*PROVIDED MATERIAL*.
.....
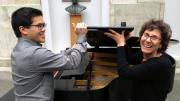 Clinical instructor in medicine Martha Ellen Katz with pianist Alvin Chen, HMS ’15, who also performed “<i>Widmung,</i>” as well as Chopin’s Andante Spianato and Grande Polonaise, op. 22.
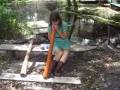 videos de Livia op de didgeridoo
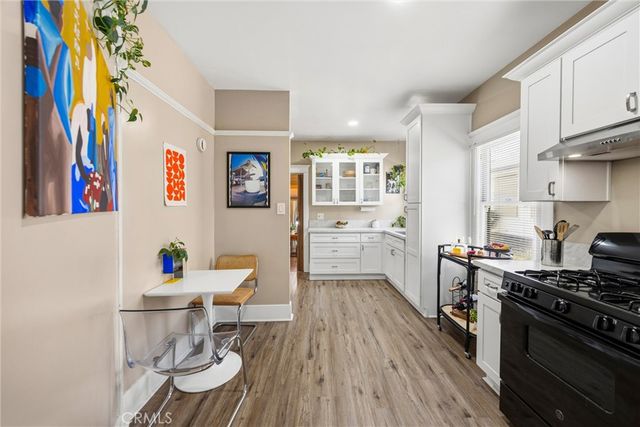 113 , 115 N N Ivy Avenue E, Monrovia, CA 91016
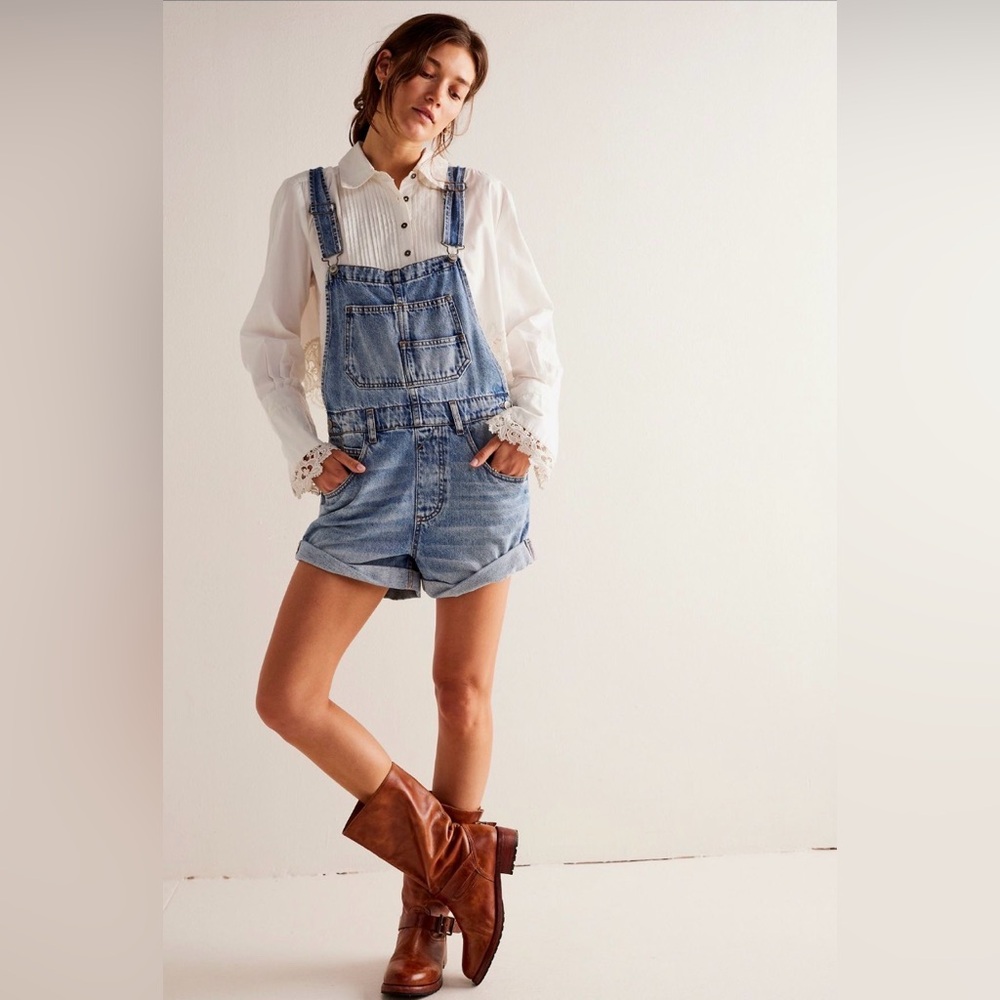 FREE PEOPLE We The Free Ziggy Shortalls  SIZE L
.....
*WHAT IS NEEDED*. Leaving every picture out, please copy exactly the lines from the one holding "113 , 115 N" through the last line of the listing, both ends included.

*RESPONSE AREA*.
 113 , 115 N N Ivy Avenue E, Monrovia, CA 91016
 FREE PEOPLE We The Free Ziggy Shortalls  SIZE L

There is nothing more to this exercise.